Imaginative and prescient Tokens | Precision (%) | Compression (×) |
64 Tokens | 96.5% | 10× |
64 Tokens | 85.8% | 15× |
100 Tokens | 97.3% | 10× |
100 Tokens | 87.1% | 20× |
Efficiency on OmniDocBench
On the OmniDocBench, the efficiency of DeepSeek-OCR surpasses the main OCR fashions and imaginative and prescient language fashions, attaining Edit Distance (ED)

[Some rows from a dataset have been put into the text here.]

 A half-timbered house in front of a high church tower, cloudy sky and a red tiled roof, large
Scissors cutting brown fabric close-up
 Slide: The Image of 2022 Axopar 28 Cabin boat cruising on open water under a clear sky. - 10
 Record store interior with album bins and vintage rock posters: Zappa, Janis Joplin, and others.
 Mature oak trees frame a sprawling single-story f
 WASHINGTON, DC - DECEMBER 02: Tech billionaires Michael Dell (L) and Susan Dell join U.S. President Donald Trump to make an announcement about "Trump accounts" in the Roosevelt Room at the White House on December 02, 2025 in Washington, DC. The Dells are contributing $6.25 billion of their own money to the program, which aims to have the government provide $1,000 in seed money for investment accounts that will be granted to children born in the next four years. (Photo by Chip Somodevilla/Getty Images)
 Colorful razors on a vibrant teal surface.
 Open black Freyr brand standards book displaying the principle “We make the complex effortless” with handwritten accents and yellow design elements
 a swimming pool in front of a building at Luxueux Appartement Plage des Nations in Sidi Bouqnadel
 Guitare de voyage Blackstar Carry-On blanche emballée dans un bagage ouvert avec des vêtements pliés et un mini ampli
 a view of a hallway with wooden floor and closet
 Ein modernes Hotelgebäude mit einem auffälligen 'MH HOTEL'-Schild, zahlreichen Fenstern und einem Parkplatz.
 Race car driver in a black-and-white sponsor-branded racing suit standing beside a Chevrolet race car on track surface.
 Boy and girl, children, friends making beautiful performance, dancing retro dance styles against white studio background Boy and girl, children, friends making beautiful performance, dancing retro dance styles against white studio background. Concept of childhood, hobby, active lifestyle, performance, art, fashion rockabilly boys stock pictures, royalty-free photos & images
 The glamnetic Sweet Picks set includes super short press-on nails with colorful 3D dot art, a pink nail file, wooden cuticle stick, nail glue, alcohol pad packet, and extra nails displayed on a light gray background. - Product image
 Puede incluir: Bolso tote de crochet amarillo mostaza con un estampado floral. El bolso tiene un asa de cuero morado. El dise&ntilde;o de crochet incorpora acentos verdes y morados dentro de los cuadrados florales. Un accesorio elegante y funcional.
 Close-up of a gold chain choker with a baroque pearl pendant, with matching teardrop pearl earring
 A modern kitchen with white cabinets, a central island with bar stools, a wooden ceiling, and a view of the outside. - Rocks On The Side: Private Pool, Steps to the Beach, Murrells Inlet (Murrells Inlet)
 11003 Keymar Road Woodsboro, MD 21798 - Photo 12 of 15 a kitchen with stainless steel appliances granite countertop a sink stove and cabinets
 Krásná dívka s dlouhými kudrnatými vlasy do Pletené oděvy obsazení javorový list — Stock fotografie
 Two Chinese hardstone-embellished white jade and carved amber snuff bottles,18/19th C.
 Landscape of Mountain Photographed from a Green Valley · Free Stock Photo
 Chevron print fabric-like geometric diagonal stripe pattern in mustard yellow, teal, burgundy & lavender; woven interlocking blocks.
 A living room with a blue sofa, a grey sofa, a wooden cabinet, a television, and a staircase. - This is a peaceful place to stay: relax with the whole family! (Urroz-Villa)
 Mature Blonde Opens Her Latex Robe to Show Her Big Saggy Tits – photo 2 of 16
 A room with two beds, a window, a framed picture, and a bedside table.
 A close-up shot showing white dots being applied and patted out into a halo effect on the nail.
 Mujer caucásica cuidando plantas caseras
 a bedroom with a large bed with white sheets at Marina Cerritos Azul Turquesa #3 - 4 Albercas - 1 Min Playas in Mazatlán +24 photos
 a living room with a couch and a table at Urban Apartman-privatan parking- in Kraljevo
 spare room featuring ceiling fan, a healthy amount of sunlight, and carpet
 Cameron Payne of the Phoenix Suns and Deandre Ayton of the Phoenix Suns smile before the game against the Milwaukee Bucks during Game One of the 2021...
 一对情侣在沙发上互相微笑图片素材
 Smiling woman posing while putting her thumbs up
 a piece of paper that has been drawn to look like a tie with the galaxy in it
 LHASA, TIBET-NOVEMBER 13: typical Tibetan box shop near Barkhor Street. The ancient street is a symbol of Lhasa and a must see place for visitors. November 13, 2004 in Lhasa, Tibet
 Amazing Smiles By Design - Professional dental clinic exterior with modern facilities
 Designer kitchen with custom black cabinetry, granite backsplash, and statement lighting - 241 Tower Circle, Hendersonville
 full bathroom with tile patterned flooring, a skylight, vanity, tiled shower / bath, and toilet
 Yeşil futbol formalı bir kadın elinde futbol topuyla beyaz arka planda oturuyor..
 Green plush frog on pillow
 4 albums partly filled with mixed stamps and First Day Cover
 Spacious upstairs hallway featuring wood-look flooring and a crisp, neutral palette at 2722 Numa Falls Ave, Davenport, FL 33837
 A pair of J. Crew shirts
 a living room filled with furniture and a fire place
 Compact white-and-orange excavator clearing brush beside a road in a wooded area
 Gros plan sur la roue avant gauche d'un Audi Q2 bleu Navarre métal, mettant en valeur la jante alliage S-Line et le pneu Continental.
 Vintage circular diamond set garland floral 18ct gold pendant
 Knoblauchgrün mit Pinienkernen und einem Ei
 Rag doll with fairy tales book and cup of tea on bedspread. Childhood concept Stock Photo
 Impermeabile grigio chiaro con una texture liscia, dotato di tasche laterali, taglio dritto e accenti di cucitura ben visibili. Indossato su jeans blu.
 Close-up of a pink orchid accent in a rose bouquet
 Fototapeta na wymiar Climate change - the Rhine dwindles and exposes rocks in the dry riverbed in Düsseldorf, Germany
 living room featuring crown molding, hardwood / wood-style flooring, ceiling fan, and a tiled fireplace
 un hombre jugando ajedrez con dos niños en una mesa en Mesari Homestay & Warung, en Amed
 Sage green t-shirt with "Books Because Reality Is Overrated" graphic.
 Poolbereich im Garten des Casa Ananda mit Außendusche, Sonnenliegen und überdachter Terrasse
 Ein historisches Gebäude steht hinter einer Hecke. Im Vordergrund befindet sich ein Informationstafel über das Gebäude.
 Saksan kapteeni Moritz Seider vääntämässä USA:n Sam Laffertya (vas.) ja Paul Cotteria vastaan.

Mannequin | Avg. Imaginative and prescient Tokens/Picture | Edit Distance (higher) | Accuracy Area | Comment |
DeepSeek-OCR (Gundam-M 200dpi) | Excessive Accuracy | Greatest stability of precision & effectivity | ||
DeepSeek-OCR (Base/Massive) | Excessive Accuracy | Constantly top-performing | ||
GOT-OCR2.0 | >1500 | >0.35 | Reasonable | Requires extra tokens |
Qwen2.5-VL / InternVL3 | >1500 | >0.30 | Reasonable | Much less environment friendly |
SmolDocling | >0.45 | Low Accuracy | Compact however weak OCR high quality |
Additionally Learn: How one can Use Mistral OCR for Your Subsequent RAG Mannequin
Conclusion
Deepseek-OCR units a brand new and revolutionary strategy to studying textual content. It considerably reduces the token utilization of textual content (usually 7-20X decrease) through the use of imaginative and prescient as a compression layer whereas nonetheless retaining a lot of the data. The mannequin is open-source and obtainable for any builders to play with it.
This might be large for AI which is the flexibility to signify textual content in a compact, environment friendly method. As a lot of the OCR’s fail whereas coping with hand written textual content specifically on a medical receipt. However the DeepSeek-OCR excels at that as effectively. Its message goes past OCR and factors to new potentialities in AI reminiscence and context administration.
So comply with the above steps and provides it a strive!
Login to proceed studying and luxuriate in expert-curated content material.